* Task to carry out *
Starting at the first line of the entries, extract each line up to and including the one that contains "Smad2/3 (Phospho-Thr8) Polyclonal Antibody", but leave out the pictures.

* Stored items *

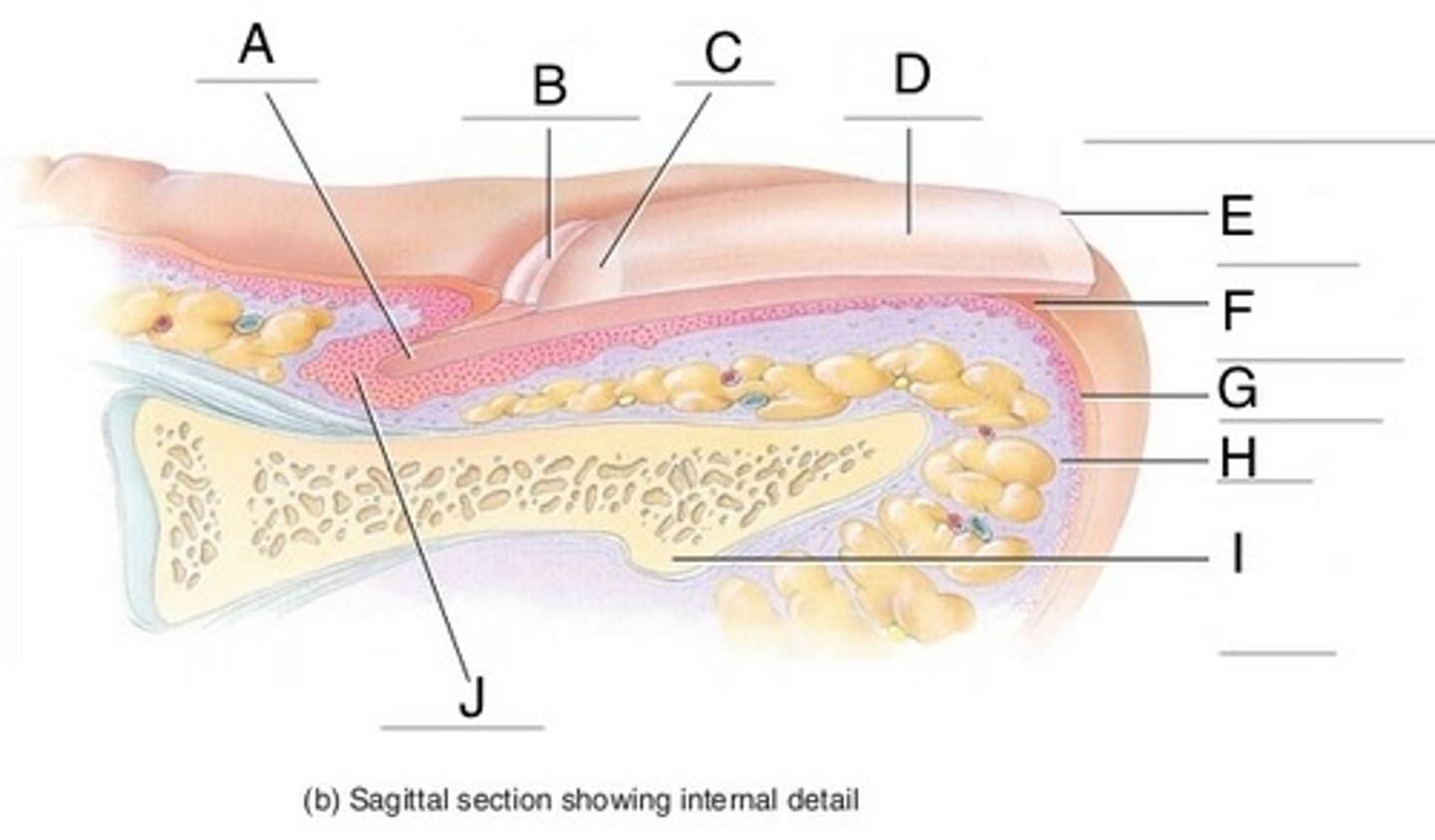 <p>- Epithelium proximal to the nail root</p><p>- Contains dividing cells (J)</p>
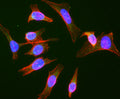 Immunofluorescent staining of HeLa cells using Aves Labs anti-Rab9 recombinant chicken monoclonal antibody (green). Actin filaments were stained using Phalloidin (red). The stained cells were mounted with Antibodies Incorporated Fluoroshield with DAPI and DABCO mounting medium (Cat No. AR-6505). DAPI nuclear stain (blue) shows cell nuclei. Anti-Rab9 specifically stains the late endosomes in HeLa cells. 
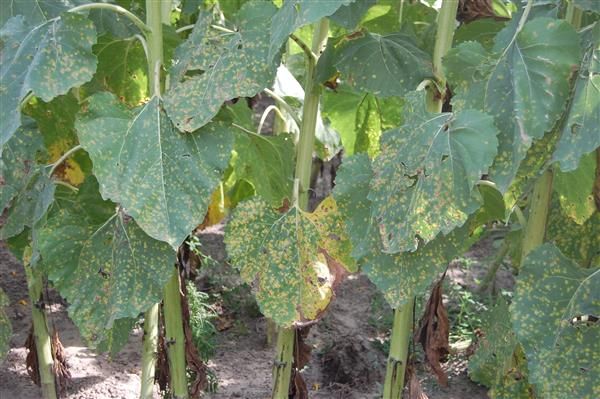 Whyzucchini Bacterial Leaf Spot Is Different from Other Plant Diseases
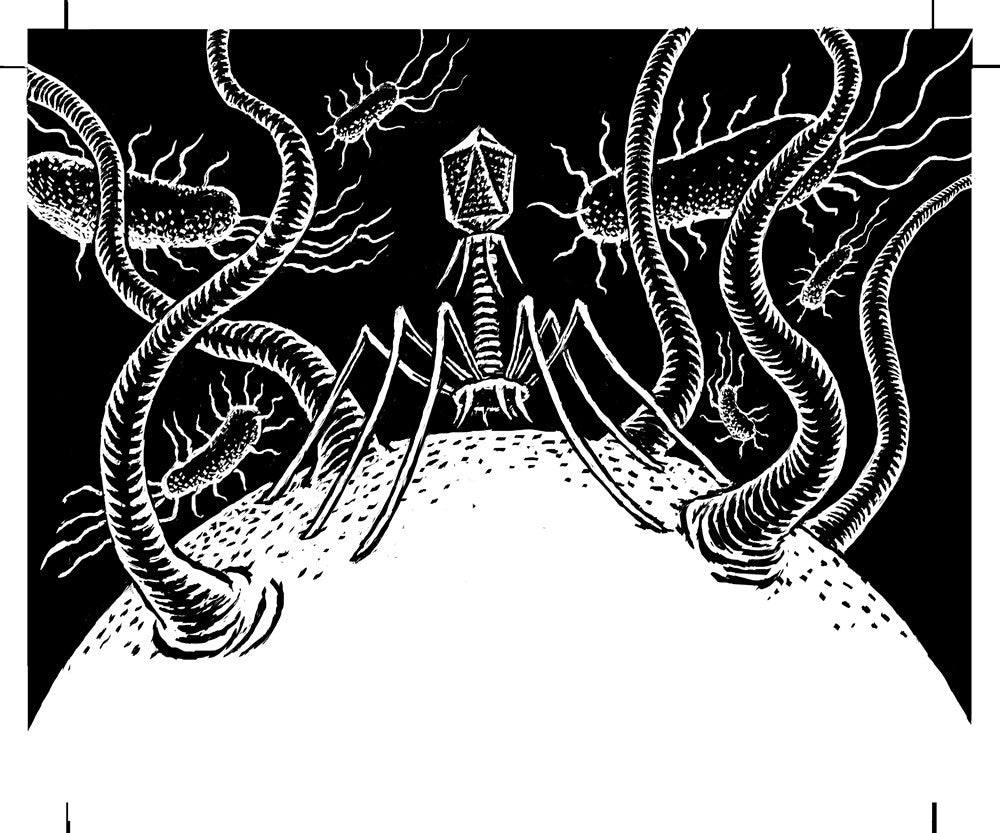 A Planet of Viruses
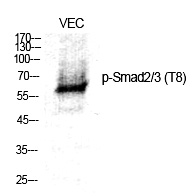 Smad2/3 (Phospho-Thr8) Polyclonal Antibody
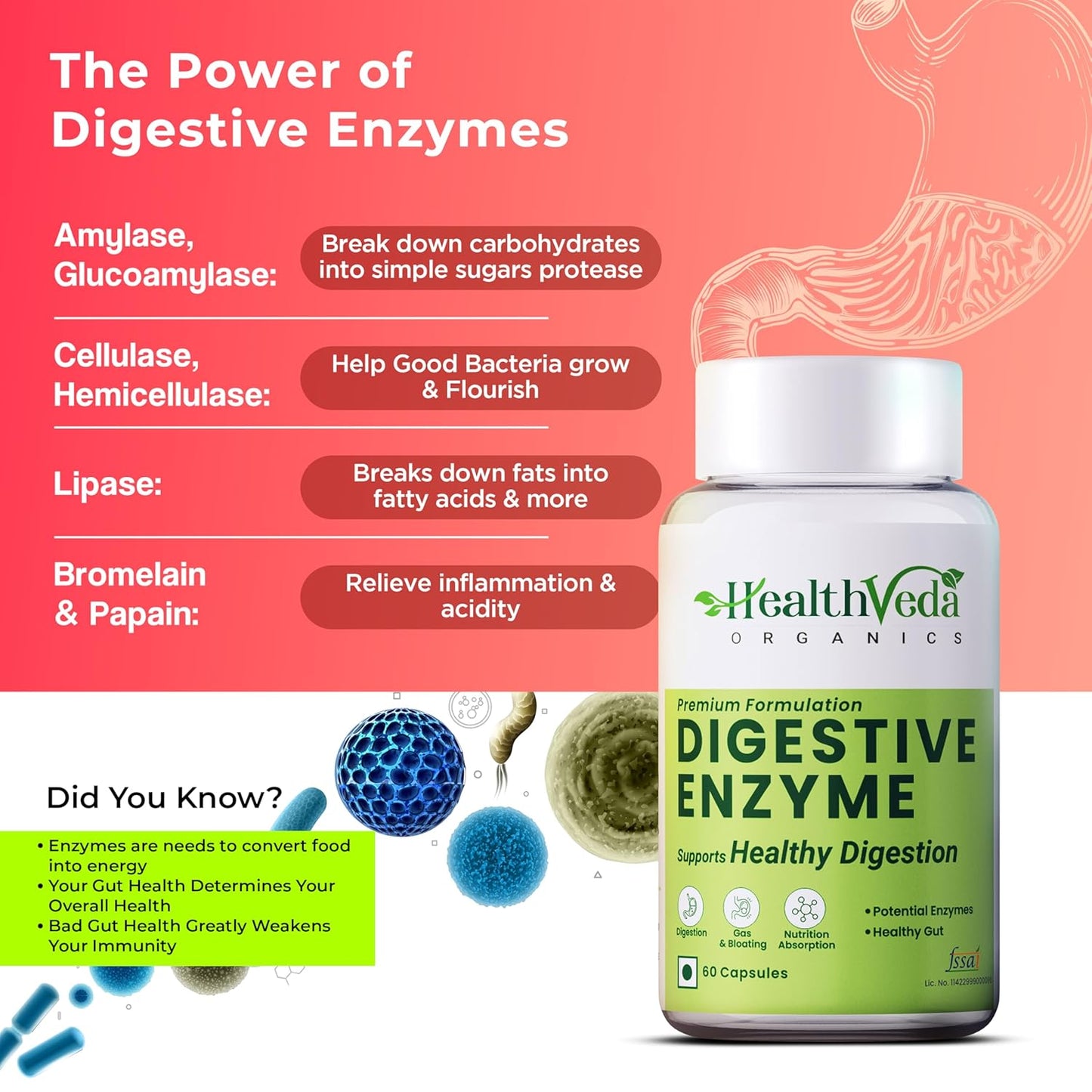 Zephivo Health Veda Organics Digestive Enzyme Capsules | For Better Digestive Function, Healthy Gut, & Health Management | 60 Veg Capsules for both Men & Women…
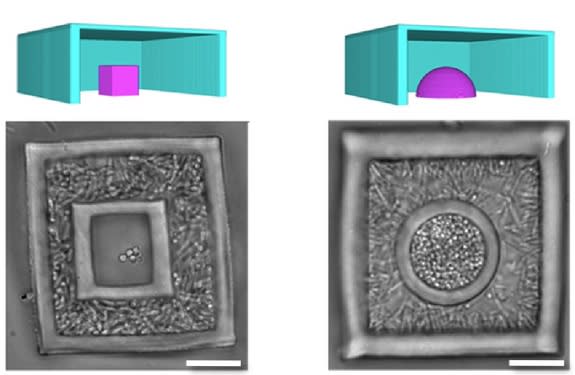 The new 3D printing technique enables the creation of nested communities of bacteria, with one species inside a living shell of another colony of bacteria.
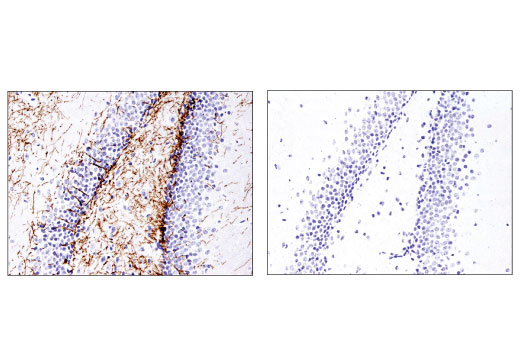 Immunohistochemistry Image 2: Myelin Basic Protein (D8X4Q) XP® Rabbit mAb (BSA and Azide Free)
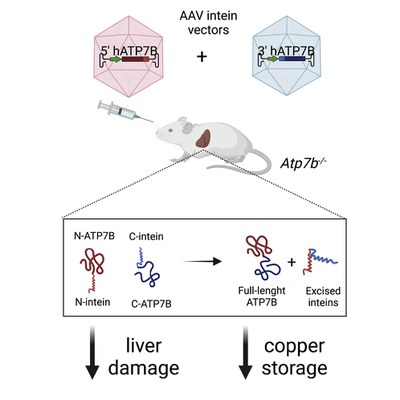 Full-length ATP7B reconstituted through protein trans-splicing corrects Wilson disease in mice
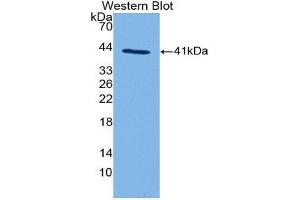 Western Blotting (WB) image for anti-Complement Fragment 3a (C3a) (AA 670-742) antibody (ABIN1858190)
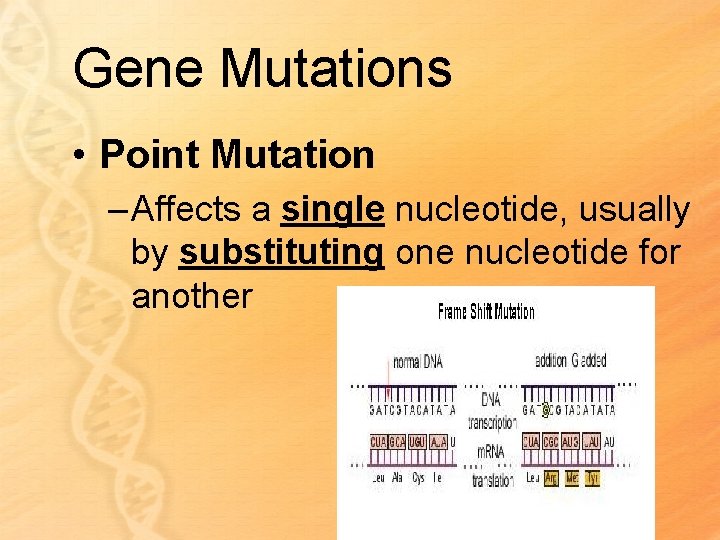 Gene Mutations • Point Mutation – Affects a single nucleotide, usually by substituting one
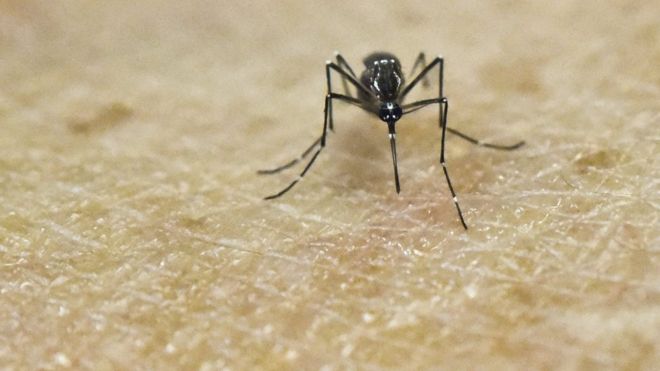virus-Zika-o-My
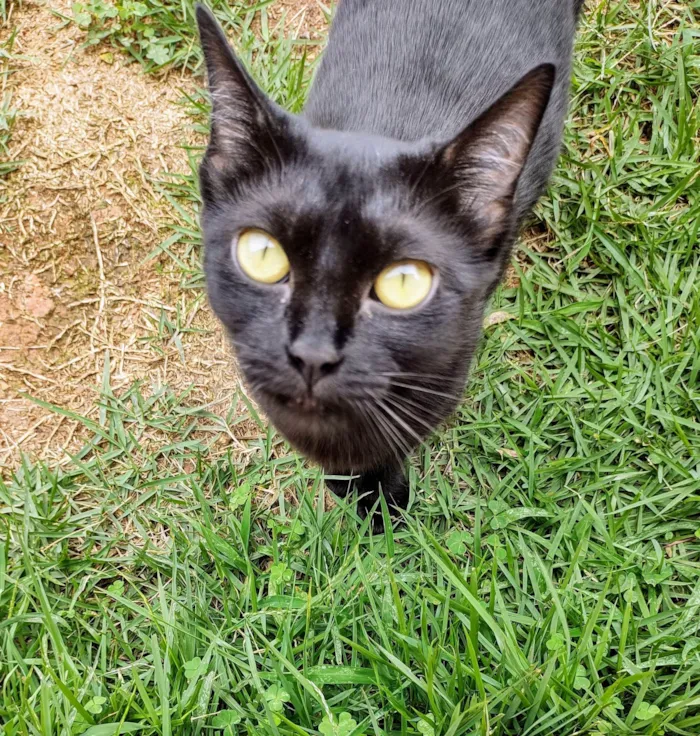 Gato ra a SRD-ViraLata idade 7 a 11 meses nome Gatinha Rubi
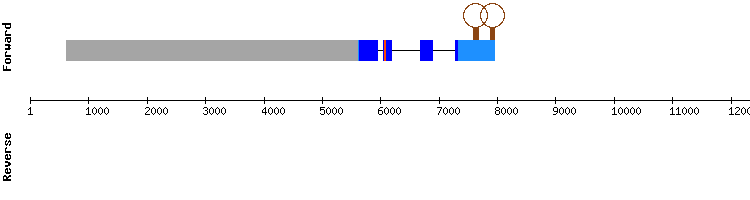 gene structure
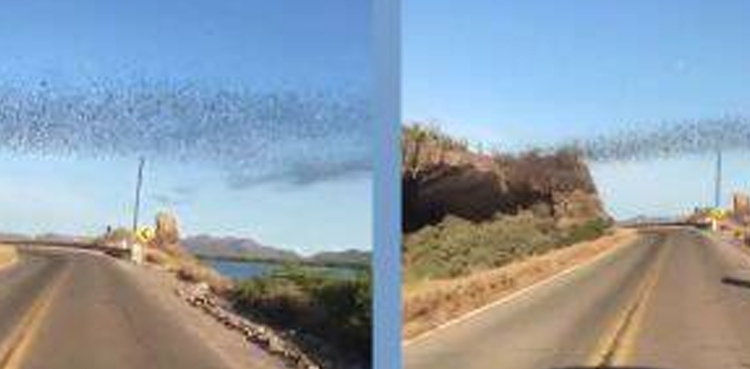 Viral: Netizens in awe with video of flying bats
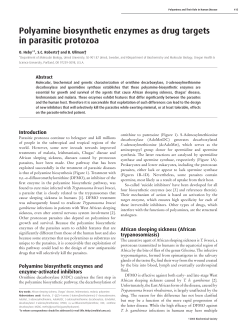 Polyamine biosynthetic enzymes as drug targets in parasitic protozoa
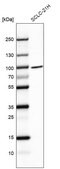 Anti-BRF1 antibody produced in rabbit Prestige Antibodies&#174; Powered by Atlas Antibodies, affinity isolated antibody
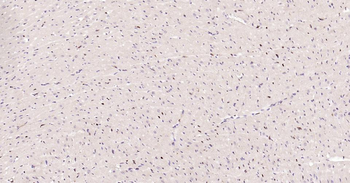 PCNA antibody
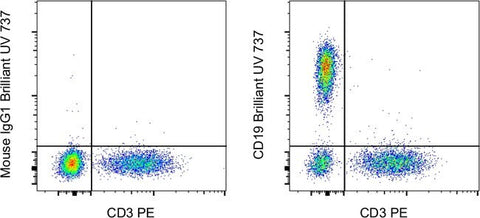 CD19 Monoclonal Antibody (SJ25C1), Brilliant Ultra Violet™ 737, eBioscience™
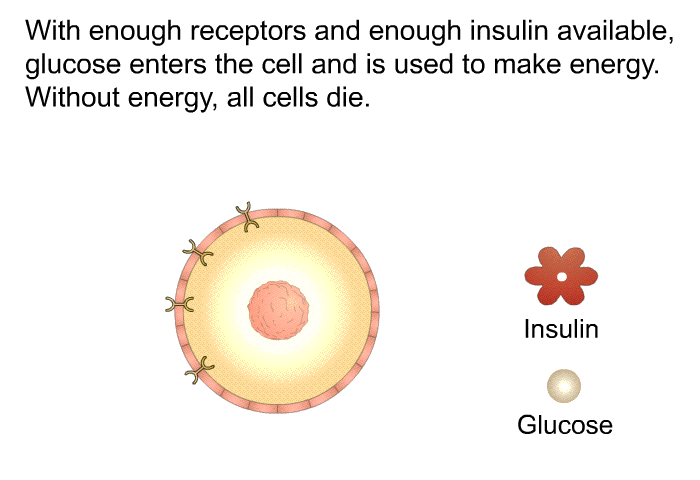 With enough receptors and enough insulin available, glucose enters the cell and is used to make energy. Without energy, all cells die.
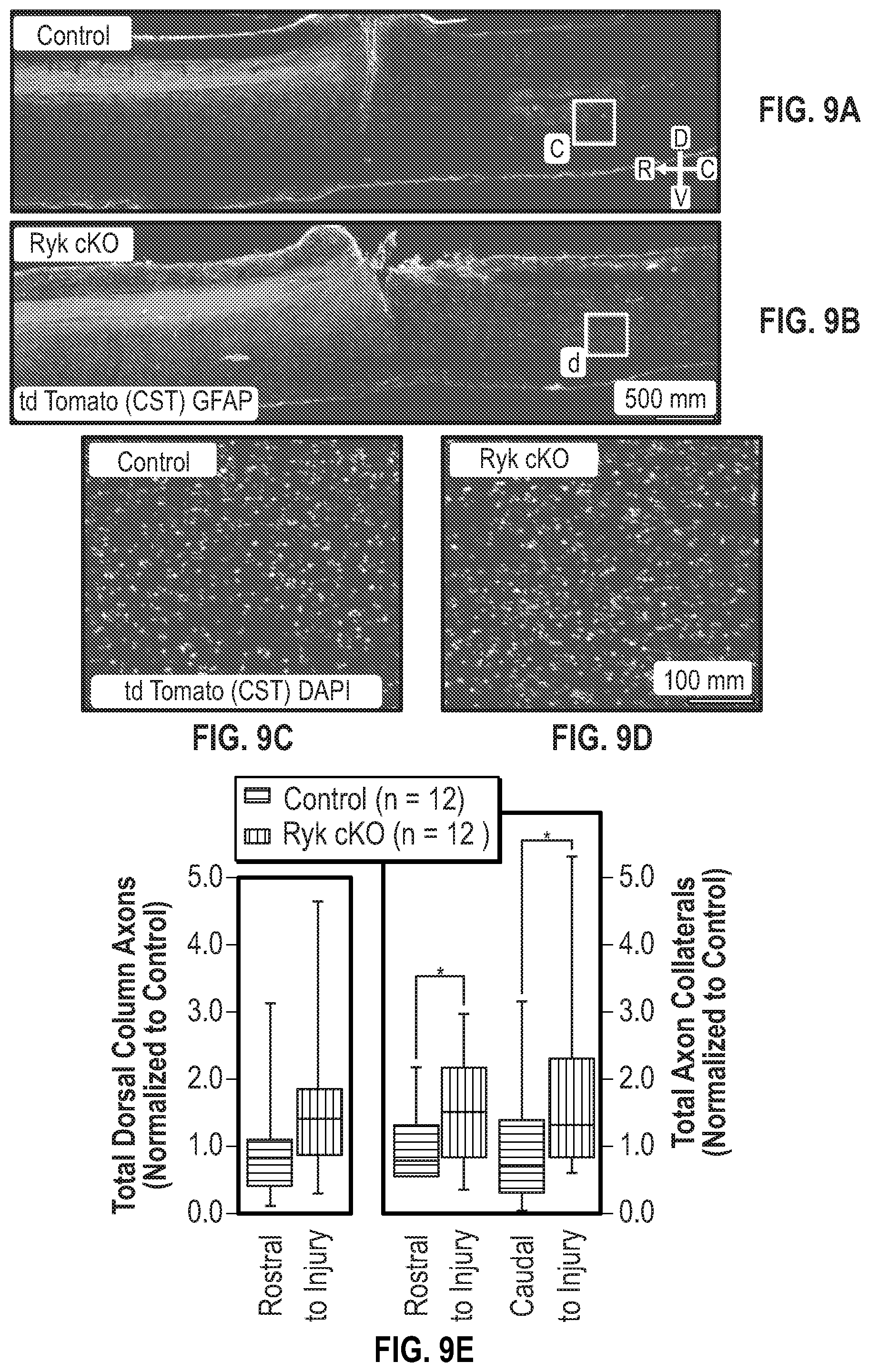 Patent US12134651 Figure 19 – Anti-Ryk antibodies and methods of using the same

* Result *
 <p>- Epithelium proximal to the nail root</p><p>- Contains dividing cells (J)</p>
 Immunofluorescent staining of HeLa cells using Aves Labs anti-Rab9 recombinant chicken monoclonal antibody (green). Actin filaments were stained using Phalloidin (red). The stained cells were mounted with Antibodies Incorporated Fluoroshield with DAPI and DABCO mounting medium (Cat No. AR-6505). DAPI nuclear stain (blue) shows cell nuclei. Anti-Rab9 specifically stains the late endosomes in HeLa cells. 
 Whyzucchini Bacterial Leaf Spot Is Different from Other Plant Diseases
 A Planet of Viruses
 Smad2/3 (Phospho-Thr8) Polyclonal Antibody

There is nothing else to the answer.